The Corner

What’s the Answer?

I emerge blinking and disoriented from my Christmas-time battle with the Ravensburger Corp. to learn of this latest attempt to blow up a passenger plane.

It seems that our federal government is unable to locate its own rear end with both hands and a flashlight. What a surprise!

Planes are flimsy things. They have to be to get off the ground. If, as seems likely, we are in an arms race between, on one side, crazy jihadis fired up with visions of paradise, and on the other, bored airport-security personnel on minimum wage, it looks inevitable that sooner or later the jihadis will score one. What’s to be done?

• Stop issuing visas to citizens of Muslim countires? No, the jihadis are all over. This next batch is British-born.

Cops fear that 25 British-born Muslims are plotting to bomb Western airliners. The fanatics, in five groups, are now training at secret terror camps in Yemen … The British extremists in Yemen are in their early 20s and from Bradford, Luton and Leytonstone, East London. They are due to return to the UK early in 2010 and will then await Internet instructions from al-Qaeda on when to strike.

• Stop issuing visas to Muslims? Identified how? By name? What about this guy?

• Trust the feddle gubmint to maintain efficient databases on terror suspects? Ha ha ha ha ha!

• Trust the Department of Homeland Security to keep one step ahead of jihadi ingenuity? Woo-hoo hoo hoo!

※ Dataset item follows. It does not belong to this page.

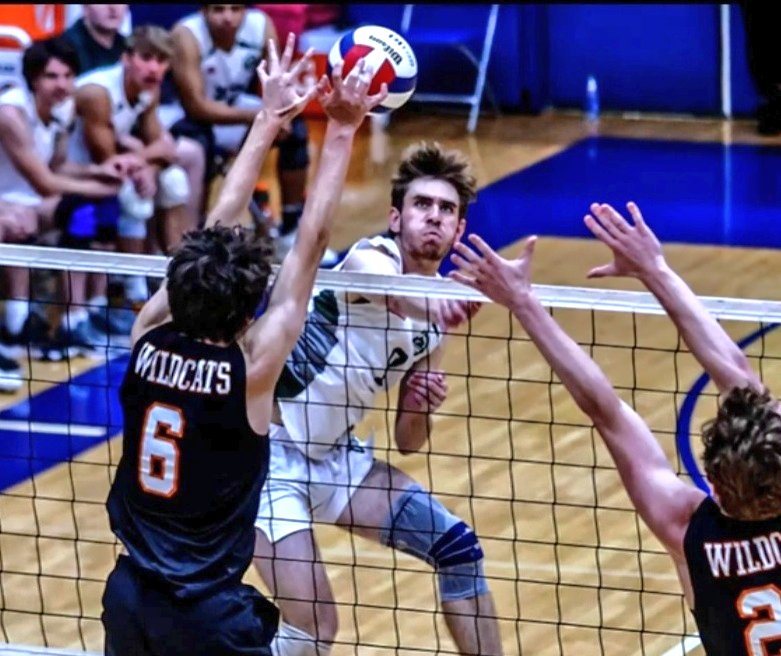 Toppers on Top.  2022 State Champions 🏆.   Thank you LWE for an incredible game. You were amazing and the student athletes rock!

• Vanquish evil at its source? Okay, how’s that going? Not so well.

It seems to me that the future of commercial air travel is not bright. The business is already part-militarized; and military protocols don’t mix well with commerce. A rash of successful terrorist bombings could kill off the whole industry. Perhaps we shall regress to each nation just having one national airline. Won’t that be fun! Or perhaps we’ll find some other way to get about.

One item missing from VDH’s list of lessons to be learned is the surprises you get from the second generation in an age of mass immigration from non-European countries. I can remember the first Pakistanis (which at that time included Bangladeshis) showing up in England. They weren’t much liked: As people have been noticing since Chaucer’s time, the English just don’t care for foreigners. There were some unpleasant “Paki jokes” going round in the late 1960s. It was distaste for people with strange habits, though; there was no element of fear. As the first generation settled in, a grudging acceptance developed. The local corner shop was taken over by a family from Pakistan, who seemed nice enough; and the fast-food place on the next block did a lovely chicken curry. I can’t recall anyone even thinking that there were Islamic terrorists in Britain’s future.

So there’s a lesson: Mass non-European immigration into the West has highly unpredictable consequences. The mass immigration of Muslims, in particular, seem like a really bad idea.

John Derbyshire — Mr. Derbyshire is a former contributing editor of National Review.